The period under review, however, experienced increased demand and there was no need for mark downs.
The group’s merchandise sales were up 9,3 percent to $7,140 million with Truworths chain recording a 18,6 percent growth in sales while Topics and Number 1 stores saw sales grow by 4,3 percent and 24,3 percent respectively.
Ndebele said Number 1 was now structured in a way that will allow it to grow its revenue by another 50 percent without any increase in the cost base.
In the period under review, the group closed 6 Number 1 stores or reduced costs for the chain by 26 percent but still managed to grow sales by 24 percent.
Ndebele said the other biggest highlight for the period under review was the income the group received from credit card related sales which contributed $306 229 up from $60 243 prior year comparative.
“We’re now receiving income from the credit cards because we originate the debt and we manage the debtors.

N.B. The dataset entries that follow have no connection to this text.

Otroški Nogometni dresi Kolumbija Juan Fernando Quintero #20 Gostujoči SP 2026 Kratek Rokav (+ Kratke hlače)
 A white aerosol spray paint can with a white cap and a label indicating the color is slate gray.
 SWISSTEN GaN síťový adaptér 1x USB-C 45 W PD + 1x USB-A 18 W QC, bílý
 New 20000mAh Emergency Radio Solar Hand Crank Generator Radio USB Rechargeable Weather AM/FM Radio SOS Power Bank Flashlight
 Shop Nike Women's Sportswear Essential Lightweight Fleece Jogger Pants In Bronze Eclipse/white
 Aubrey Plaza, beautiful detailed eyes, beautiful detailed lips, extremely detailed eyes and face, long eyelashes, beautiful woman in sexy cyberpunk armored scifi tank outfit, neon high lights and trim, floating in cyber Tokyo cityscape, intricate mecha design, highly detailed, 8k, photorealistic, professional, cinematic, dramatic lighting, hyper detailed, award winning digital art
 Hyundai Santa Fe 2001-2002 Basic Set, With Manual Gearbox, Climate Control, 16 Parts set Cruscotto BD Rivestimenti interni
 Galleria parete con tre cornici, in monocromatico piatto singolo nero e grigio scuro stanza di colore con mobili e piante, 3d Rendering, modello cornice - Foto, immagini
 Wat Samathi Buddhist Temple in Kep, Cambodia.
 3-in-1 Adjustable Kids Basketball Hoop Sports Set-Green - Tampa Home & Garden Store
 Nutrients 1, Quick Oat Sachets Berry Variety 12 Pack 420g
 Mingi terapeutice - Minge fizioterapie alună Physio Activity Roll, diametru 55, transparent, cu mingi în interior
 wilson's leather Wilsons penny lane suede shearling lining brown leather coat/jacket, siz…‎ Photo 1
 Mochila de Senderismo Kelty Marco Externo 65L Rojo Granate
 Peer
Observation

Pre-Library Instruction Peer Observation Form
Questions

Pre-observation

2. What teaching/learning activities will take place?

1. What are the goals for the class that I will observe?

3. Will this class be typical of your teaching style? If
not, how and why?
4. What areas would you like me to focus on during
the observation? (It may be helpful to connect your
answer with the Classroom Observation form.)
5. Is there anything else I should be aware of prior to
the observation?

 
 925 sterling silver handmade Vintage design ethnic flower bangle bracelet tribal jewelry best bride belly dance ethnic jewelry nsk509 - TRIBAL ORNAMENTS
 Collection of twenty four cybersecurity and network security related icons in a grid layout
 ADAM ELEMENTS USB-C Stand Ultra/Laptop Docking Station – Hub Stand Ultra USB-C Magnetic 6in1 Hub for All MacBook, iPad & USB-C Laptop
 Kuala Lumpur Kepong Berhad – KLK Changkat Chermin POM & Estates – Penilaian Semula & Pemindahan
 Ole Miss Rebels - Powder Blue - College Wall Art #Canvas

So whatever the closing balance is at a particular period, we’re actually getting that as commission, because we don’t get interest on part of that book.
“It’s a permanent income, it’s part of our business and its going to remain with us,” he said.
Ndebele said the group had recorded another turnaround at its factory business where he said the business had done a lot of third party business which is growing.
On the debtors book, Ndebele said poor collections in the comparative prior year had resulted in some costs not being recovered, particularly the debt collection costs, and in the process pushing up trade receivables.
This, he said, had improved in the period under review and trade receivables costs had come down.
Ndebele said the group had seen a change in the sales mix in the period under review with a bias towards clothing merchandise, away from the homeware range which had dominated sales during the difficult period of 2016.
He said, homeware products had lower margins of around 33 percent than the clothing range where margins were above 50 percent.
Ndebele said to manage the mix, the group was now managing the homeware range at price points to make sure that customer spend is on the clothing range where there are higher margins.
“We are still selling your electric jug and cellphones but at lower price points. The lifestyle business works when people have lots of disposable incomes.”
In the short term Ndebele said the group was expecting foreign currency challenges to continue with some stores already experiencing stock outs in certain lines.
In the long term Ndebele was hopeful and looking forward to better things after elections saying the retail sector would be the first to benefit from any economic recovery.